Operational Complexity and Maintenance Requirements
Operational complexity can outweigh feature differences. An orchestrator that looks powerful in a demo may become expensive to maintain if your team lacks platform engineering capacity.
Airflow: Mature but Operationally Heavier
Airflow’s maturity is a strength. The source data describes it as battle-tested at large scale, with companies running 10,000+ DAGs in production. Failure modes are well documented, and managed services can reduce operational burden.
However, the same source material identifies several maintenance challenges:
- Scheduler polling: Large DAG bags, such as 500+ DAGs, can cause scheduler lag unless tuned or managed carefully.
- Local development: Multi-service local deployments slow feedback loops.
- Testing: Framework-specific testing overhead leads some teams to under-test.
- Task-centric modeling: Data dependencies can become implicit in task ordering.
Airflow is often best when a team already has Airflow experience, many pipelines, and platform engineering support.
Prefect: Lower Infrastructure Burden, Cloud Dependency Considerations
Prefect’s operational model is lighter. Prefect Cloud can host scheduling, monitoring, and UI, while user code runs on internal infrastructure. The research positions Prefect as a strong fit for teams without dedicated platform engineers.
Trade-offs include:
- Smaller ecosystem than Airflow.
- Prefect Cloud dependency for the best experience, according to the source data.
- Less proven at massive scale than Airflow; sources say Prefect handles hundreds of flows well, while thousands of concurrent flows with complex dependencies are less battle-tested than Airflow at equivalent scale.

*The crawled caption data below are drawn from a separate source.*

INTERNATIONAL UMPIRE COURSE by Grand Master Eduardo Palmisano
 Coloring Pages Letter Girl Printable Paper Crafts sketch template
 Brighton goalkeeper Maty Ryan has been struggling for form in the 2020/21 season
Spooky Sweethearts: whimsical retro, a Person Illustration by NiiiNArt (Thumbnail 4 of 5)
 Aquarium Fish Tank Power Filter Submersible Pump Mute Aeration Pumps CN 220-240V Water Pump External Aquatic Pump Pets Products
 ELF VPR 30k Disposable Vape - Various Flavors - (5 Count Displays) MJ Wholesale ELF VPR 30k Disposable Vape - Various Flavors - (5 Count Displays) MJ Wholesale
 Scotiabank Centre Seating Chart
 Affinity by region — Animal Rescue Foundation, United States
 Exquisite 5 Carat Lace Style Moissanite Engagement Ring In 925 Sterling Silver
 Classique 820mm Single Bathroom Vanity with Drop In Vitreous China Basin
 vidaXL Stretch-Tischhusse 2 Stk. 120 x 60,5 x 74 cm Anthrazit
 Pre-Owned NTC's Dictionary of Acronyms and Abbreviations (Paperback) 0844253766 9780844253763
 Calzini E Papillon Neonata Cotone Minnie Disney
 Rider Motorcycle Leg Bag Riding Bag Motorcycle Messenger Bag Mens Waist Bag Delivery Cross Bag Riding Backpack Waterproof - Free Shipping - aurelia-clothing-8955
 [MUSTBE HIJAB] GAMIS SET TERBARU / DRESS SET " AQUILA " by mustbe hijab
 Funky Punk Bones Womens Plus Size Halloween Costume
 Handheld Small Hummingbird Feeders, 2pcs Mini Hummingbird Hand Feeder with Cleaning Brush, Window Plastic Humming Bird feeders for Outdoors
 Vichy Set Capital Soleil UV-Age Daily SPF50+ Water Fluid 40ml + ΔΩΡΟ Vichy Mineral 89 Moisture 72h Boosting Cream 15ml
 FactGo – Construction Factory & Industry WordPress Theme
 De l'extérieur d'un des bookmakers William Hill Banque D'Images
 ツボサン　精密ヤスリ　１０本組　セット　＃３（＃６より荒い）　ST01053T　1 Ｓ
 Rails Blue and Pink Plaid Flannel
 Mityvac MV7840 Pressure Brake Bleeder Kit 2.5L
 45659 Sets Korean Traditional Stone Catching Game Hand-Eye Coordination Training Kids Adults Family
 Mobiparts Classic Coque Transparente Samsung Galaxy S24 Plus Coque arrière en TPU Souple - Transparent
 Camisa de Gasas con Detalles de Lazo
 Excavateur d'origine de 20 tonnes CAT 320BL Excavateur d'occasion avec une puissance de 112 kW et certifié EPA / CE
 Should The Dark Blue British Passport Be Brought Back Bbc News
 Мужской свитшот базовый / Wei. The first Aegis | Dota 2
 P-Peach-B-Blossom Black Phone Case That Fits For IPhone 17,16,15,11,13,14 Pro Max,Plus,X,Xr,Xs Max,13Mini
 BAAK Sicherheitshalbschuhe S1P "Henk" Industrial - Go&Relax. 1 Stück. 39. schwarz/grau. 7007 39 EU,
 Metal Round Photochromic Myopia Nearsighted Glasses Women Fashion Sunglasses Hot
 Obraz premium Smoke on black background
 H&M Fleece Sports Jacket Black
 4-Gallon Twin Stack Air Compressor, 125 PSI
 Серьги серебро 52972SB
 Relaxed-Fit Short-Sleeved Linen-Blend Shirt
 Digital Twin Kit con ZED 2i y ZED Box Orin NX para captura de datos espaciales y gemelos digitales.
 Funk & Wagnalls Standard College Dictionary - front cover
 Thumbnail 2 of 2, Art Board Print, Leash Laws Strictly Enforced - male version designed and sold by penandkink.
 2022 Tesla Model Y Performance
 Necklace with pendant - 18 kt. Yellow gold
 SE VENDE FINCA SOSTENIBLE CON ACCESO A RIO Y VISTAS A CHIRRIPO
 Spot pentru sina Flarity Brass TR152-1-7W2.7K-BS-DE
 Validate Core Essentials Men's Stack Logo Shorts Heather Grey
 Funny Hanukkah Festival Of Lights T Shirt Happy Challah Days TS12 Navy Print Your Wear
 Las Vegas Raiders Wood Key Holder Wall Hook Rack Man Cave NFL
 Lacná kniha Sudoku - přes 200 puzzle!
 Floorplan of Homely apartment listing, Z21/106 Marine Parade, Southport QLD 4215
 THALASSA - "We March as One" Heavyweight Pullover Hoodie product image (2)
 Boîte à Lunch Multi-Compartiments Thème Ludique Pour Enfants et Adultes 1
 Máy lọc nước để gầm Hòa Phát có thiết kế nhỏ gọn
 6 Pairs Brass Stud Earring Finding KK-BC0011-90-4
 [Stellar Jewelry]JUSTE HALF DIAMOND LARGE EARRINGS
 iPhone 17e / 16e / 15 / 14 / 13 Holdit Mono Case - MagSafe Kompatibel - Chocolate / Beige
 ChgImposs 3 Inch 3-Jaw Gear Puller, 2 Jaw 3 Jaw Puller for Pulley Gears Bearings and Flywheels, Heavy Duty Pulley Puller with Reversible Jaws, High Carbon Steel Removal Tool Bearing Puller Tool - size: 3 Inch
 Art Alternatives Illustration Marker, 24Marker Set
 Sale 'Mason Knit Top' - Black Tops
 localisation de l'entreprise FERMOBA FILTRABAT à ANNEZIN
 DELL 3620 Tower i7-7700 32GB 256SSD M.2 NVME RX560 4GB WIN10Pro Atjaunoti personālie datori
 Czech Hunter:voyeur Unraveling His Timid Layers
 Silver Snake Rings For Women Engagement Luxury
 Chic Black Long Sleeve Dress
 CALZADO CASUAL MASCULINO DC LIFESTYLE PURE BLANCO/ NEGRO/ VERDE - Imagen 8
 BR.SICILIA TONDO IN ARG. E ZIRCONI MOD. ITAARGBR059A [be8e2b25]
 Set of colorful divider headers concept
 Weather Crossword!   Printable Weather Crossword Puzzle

- Migration cost from Airflow, because DAGs must be rewritten as flows.
Dagster: Strong Architecture, Newer Mental Model
Dagster provides excellent structure for modern data platforms, but it requires adopting asset-centric thinking. The source data estimates 2–4 weeks of ramp-up time for engineers coming from Airflow-style task thinking.
Operational trade-offs include:
- Smaller community than Airflow.
- Managed offering newer than long-standing managed Airflow options.
- Not ideal for arbitrary non-data workloads, where Airflow’s operator model may be more flexible.
- Open-source UI auth concerns mentioned by practitioners in the Reddit discussion; one self-hosted user noted that the Dagster UI lacked built-in auth in their setup and required external protection such as a proxy or zero-trust access layer.
Practitioner comments in the source data are generally positive about Dagster’s local development, asset model, and resource swapping. But they also mention real-world limitations such as missing smaller features, open-source RBAC needs, and the burden of keeping up with innovation.
Operational warning: Dagster’s asset model can improve long-term maintainability, but teams should budget time for retraining task-oriented engineers and evaluating self-hosted security requirements.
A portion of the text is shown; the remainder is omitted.